Rząd zwiększy limity pasażerów w komunikacji miejskiej? Obecne kryteria są absurdalne

Komunikacja miejska. / Źródło: ztm.waw.pl/limity w komunikacji miejskiej
Obrazek ilustracyjny/Komunikacja miejska. / Źródło: ztm.waw.pl
REKLAMA

Już niedługo rząd może poluzować limity pasażerów w komunikacji miejskiej. Wszystko dlatego, że dostępna liczba miejsc przy obecnych restrykcjach jest niewystarczająca. Decyzja ma zapaść w tym tygodniu.

Stopniowe „odmrażanie” gospodarki jest jednoznaczne z większą liczbą osób, które chcą korzystać z komunikacji miejskiej. Już teraz część kierowców transportu publicznego, szczególnie w godzinach szczytu, nie jest w stanie zabierać wszystkich pasażerów oczekujących na przystankach.

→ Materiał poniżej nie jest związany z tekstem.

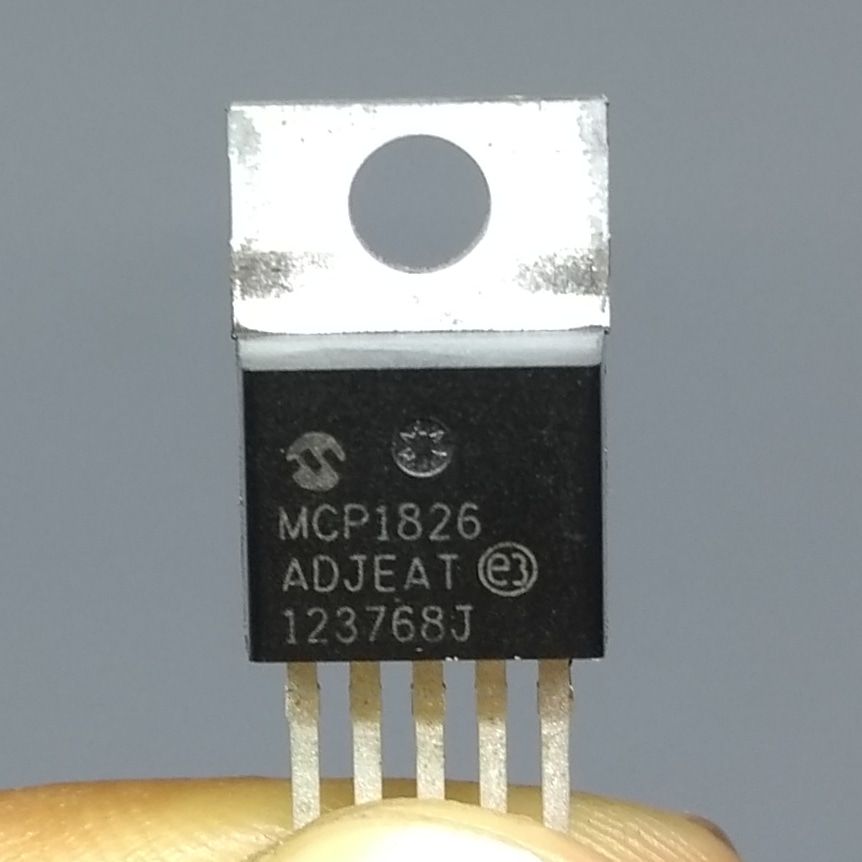 Ci Regulador de tensão MCP1826-ADJ / AT TO220 - Microchip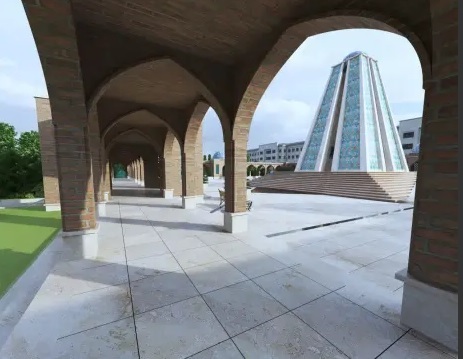 یادمان میر سید شریف جرجانی نمادی از وحدت، دانش و هویت ایرانی ـ اسلامی یادمان میر سید شریف جرجانی نمادی از وحدت، دانش و هویت ایرانی ـ اسلامی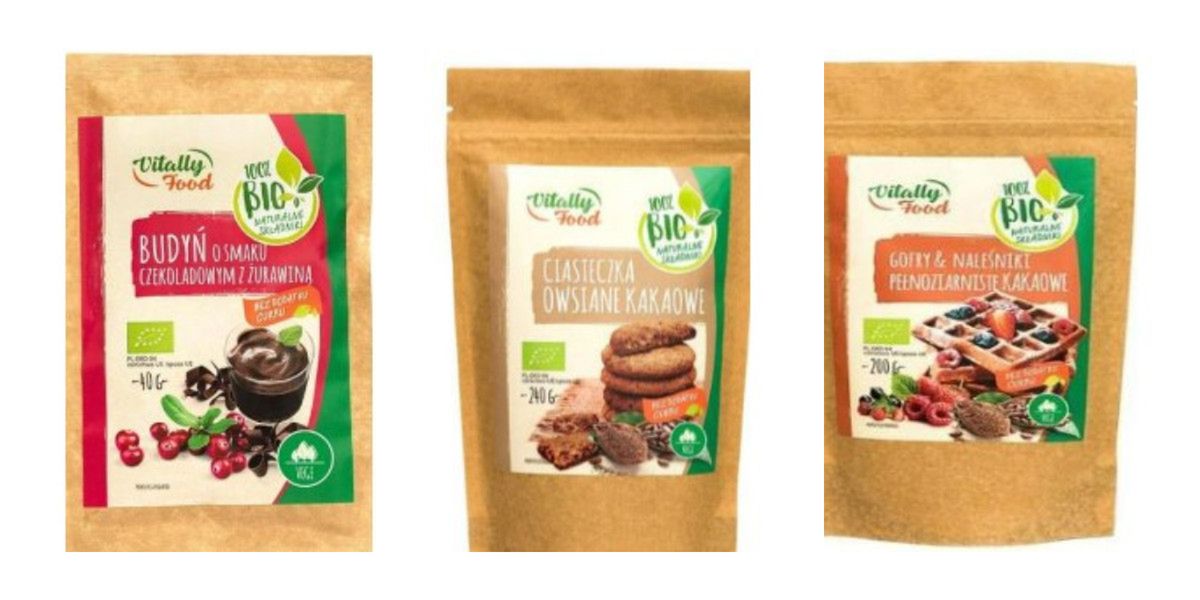 Trzy wycofane mieszanki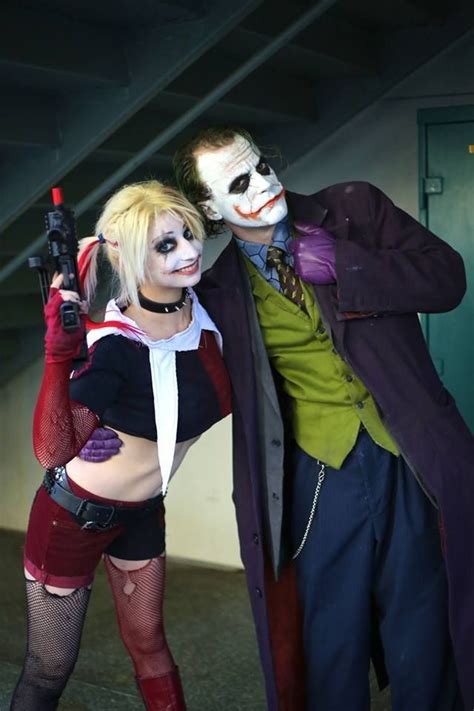 Easynip Joker Cosplay Joker Comic Joker And Harley Hot Sex Picture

Zgodnie z rządowym rozporządzeniem z 2 maja 2020 roku, liczba pasażerów w transporcie publicznym nie może przekraczać połowy miejsc siedzących w pojeździe. „Nikt w Polsce nie dysponuje takim taborem, który w narzuconym reżimie obsłużyłby chętnych do poruszania się transportem publicznym” – podkreśliła Izba Gospodarcza Komunikacji Miejskiej. Z wyliczeń ekspertów wynika, że możliwości przewozowe komunikacji zbiorowej zmniejszyły się do 15 proc. stanu poprzedniego.

REKLAMA

Absurdalne kryteria

Ponadto eksperci wskazują na niedorzeczność przepisów. Ciasny bus może bowiem zabrać więcej pasażerów niż przestronny tramwaj, w którym większość miejsc to miejsca stojące.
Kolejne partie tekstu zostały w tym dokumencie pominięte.